This project involves the study of low density non-reactive and reactive (burning) jets injected into crossflow, a topic applicable to improved efficiency and reduced emissions for a range of energy and propulsion systems. The ability to control the trajectory, spread, mixing, reaction completion, and temperature or density field associated with such jets is the overall goal of these studies. The present approach is primarily experimental, involving optical diagnostics as a means of interrogating and analyzing the instabilities in the flowfield as a means of developing methods for their control. This work will help to advance our ability to design and develop highly efficient future engines for stationary power plants, airbreathing propulsion systems, and rocket propulsion systems.
The intellectual merits of this research involve detailed explorations of the mechanisms underlying convective to absolute shear layer instability transition for low density non-reactive and reactive transverse jets. For both equidensity and low density jets in crossflow, there is significant evidence to confirm that the shear layer becomes globally unstable or self-excited; such evidence includes the initiation of strong single-tone disturbances that do not vary along the jet's shear layer, the inhibition of subharmonic initiation, lock-in to applied frequencies only at very large forcing amplitudes and/or at frequencies close to the fundamental, and evidence of a Hopf bifurcation. We are able to take advantage of the knowledge of these instabilities in applying strategic forcing to the transverse jet, whereby relatively weak sinusoidal jet excitation can enhance the convectively unstable jet, but strong square wave forcing at specific temporal pulse widths is required to control the absolutely unstable transverse jet. Yet the specific mechanisms for this transition, a quantification of altered mixing states during different excitation conditions, and the behavior of transverse jets in the presence of a chemical reaction are all significant unknowns, with substantial practical relevance.
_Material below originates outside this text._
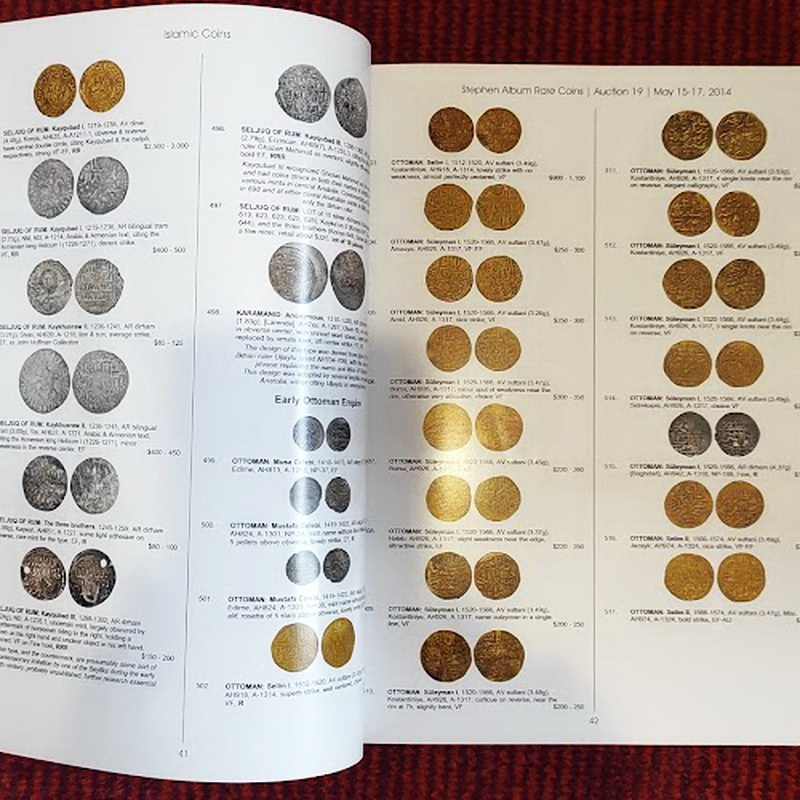 Stephen album rare coins 2019 3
These experimental studies employ laser diagnostics, including particle image velocimetry (PIV) simultaneous to planar laser-induced fluorescence (PLIF) imaging of seeded acetone, in order to quantify 3D velocity and vorticity fields as well as scalar transport processes in transverse jets. Building on these explorations will be quantification of mixing associated with the non-reactive flow (equidensity as well as low density jets) via acetone PLIF, as a means of determining flow and excitation conditions to optimize jet-crossflow mixing. Closed loop control methods are being developed for the optimization of jet behavior and response to upset conditions, using non-intrusive sensing whose measurements may be related to global flow characteristics. With respect to the reactive jet in crossflow, OH* chemiluminescence imaging will be used to determine flame characteristics, instabilities, and flow characteristics. These fundamental explorations will be critical to the ability to predict and control such instabilities in a range of engineering systems.
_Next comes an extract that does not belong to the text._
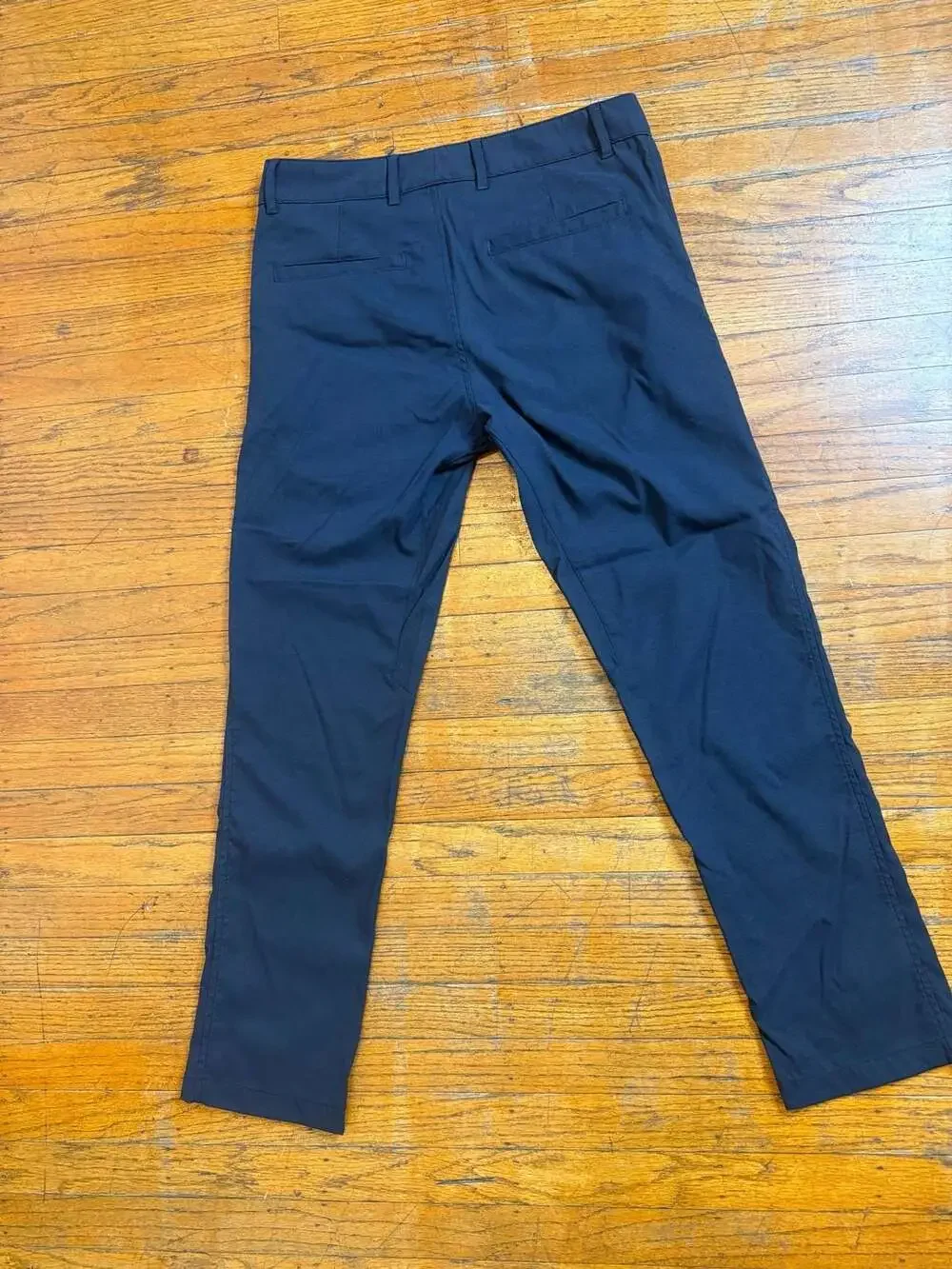 Outlier Men’s  F. Cloth Slim Pants Black Size 30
The broader impacts of the proposed studies go well beyond the practical applications of the transverse jet and the usual "graduate level research and education". Our track record in such impacts has included undergraduate research training as well as outreach to and laboratory experiences for local high school students and underrepresented students at other universities. In the present project, undergraduate researchers will continue to be trained and employed in our laboratory, and outreach presentations and demonstrations will continue to be provided for local high school and potentially middle school and elementary school students, with special focus on students at public schools. Opportunities for local high school students to gain laboratory experiences in the summer will be provided. Cutbacks in funding by the state of California to the public schools- MESA (Mathematics Engineering Science Achievement) programs has made it even more important for universities such as UCLA to extend outreach programs to public middle schools and high schools as a means of encouraging the development of future engineers and scientists.